> _DIRECTIONS FOR THIS TASK_
Extract the first line through the line containing "19th Century Asian" from the listing below, exactly as written.

**********

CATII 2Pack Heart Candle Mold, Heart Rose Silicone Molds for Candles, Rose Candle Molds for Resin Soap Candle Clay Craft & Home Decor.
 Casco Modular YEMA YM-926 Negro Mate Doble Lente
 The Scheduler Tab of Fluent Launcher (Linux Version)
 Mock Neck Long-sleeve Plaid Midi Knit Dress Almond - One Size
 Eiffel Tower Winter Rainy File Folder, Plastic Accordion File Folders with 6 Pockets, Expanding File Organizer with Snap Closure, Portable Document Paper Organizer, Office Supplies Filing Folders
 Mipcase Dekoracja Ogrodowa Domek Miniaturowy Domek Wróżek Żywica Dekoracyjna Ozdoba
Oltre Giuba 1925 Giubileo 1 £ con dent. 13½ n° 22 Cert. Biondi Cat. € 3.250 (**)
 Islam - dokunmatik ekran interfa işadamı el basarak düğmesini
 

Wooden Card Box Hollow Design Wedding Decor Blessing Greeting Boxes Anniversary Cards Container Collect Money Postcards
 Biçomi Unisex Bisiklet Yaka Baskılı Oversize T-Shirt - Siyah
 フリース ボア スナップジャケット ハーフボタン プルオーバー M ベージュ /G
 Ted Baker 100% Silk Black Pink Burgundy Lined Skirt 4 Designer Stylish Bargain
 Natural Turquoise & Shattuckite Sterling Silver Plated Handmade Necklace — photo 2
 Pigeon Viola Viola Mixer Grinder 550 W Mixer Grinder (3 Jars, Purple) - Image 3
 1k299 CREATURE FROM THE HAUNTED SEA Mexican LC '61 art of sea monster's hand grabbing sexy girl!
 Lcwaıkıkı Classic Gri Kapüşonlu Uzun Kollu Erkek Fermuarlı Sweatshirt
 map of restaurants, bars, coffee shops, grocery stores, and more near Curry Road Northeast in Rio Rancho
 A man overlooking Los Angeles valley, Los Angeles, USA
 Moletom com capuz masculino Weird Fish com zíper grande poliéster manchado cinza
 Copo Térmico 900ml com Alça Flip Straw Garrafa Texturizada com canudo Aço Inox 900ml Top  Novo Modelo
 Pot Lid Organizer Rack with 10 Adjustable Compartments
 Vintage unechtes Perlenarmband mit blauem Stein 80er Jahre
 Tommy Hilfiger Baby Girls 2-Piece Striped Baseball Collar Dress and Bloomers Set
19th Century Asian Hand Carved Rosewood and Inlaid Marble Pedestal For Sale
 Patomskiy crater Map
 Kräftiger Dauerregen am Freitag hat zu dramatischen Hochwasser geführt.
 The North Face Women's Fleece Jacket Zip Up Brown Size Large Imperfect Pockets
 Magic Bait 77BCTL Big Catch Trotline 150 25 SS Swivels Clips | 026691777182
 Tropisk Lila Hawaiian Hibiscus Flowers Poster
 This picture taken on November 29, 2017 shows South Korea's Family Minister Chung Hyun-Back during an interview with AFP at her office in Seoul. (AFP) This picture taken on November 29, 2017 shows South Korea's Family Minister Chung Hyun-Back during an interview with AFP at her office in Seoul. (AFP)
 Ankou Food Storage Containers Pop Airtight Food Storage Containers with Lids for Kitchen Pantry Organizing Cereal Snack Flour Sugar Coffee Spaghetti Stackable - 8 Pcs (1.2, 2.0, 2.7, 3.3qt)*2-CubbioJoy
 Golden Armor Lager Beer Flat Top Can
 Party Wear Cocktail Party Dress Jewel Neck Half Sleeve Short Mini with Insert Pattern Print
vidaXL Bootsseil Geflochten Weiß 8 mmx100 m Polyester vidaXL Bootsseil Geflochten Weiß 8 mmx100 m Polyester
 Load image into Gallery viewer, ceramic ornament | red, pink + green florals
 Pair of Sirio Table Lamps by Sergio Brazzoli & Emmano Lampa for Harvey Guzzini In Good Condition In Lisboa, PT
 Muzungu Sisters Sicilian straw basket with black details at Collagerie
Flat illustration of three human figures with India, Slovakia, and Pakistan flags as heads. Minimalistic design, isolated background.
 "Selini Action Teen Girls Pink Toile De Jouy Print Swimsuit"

**********

> _ANSWER SPACE_
CATII 2Pack Heart Candle Mold, Heart Rose Silicone Molds for Candles, Rose Candle Molds for Resin Soap Candle Clay Craft & Home Decor.
 Casco Modular YEMA YM-926 Negro Mate Doble Lente
 The Scheduler Tab of Fluent Launcher (Linux Version)
 Mock Neck Long-sleeve Plaid Midi Knit Dress Almond - One Size
 Eiffel Tower Winter Rainy File Folder, Plastic Accordion File Folders with 6 Pockets, Expanding File Organizer with Snap Closure, Portable Document Paper Organizer, Office Supplies Filing Folders
 Mipcase Dekoracja Ogrodowa Domek Miniaturowy Domek Wróżek Żywica Dekoracyjna Ozdoba
Oltre Giuba 1925 Giubileo 1 £ con dent. 13½ n° 22 Cert. Biondi Cat. € 3.250 (**)
 Islam - dokunmatik ekran interfa işadamı el basarak düğmesini
 

Wooden Card Box Hollow Design Wedding Decor Blessing Greeting Boxes Anniversary Cards Container Collect Money Postcards
 Biçomi Unisex Bisiklet Yaka Baskılı Oversize T-Shirt - Siyah
 フリース ボア スナップジャケット ハーフボタン プルオーバー M ベージュ /G
 Ted Baker 100% Silk Black Pink Burgundy Lined Skirt 4 Designer Stylish Bargain
 Natural Turquoise & Shattuckite Sterling Silver Plated Handmade Necklace — photo 2
 Pigeon Viola Viola Mixer Grinder 550 W Mixer Grinder (3 Jars, Purple) - Image 3
 1k299 CREATURE FROM THE HAUNTED SEA Mexican LC '61 art of sea monster's hand grabbing sexy girl!
 Lcwaıkıkı Classic Gri Kapüşonlu Uzun Kollu Erkek Fermuarlı Sweatshirt
 map of restaurants, bars, coffee shops, grocery stores, and more near Curry Road Northeast in Rio Rancho
 A man overlooking Los Angeles valley, Los Angeles, USA
 Moletom com capuz masculino Weird Fish com zíper grande poliéster manchado cinza
 Copo Térmico 900ml com Alça Flip Straw Garrafa Texturizada com canudo Aço Inox 900ml Top  Novo Modelo
 Pot Lid Organizer Rack with 10 Adjustable Compartments
 Vintage unechtes Perlenarmband mit blauem Stein 80er Jahre
 Tommy Hilfiger Baby Girls 2-Piece Striped Baseball Collar Dress and Bloomers Set
19th Century Asian Hand Carved Rosewood and Inlaid Marble Pedestal For Sale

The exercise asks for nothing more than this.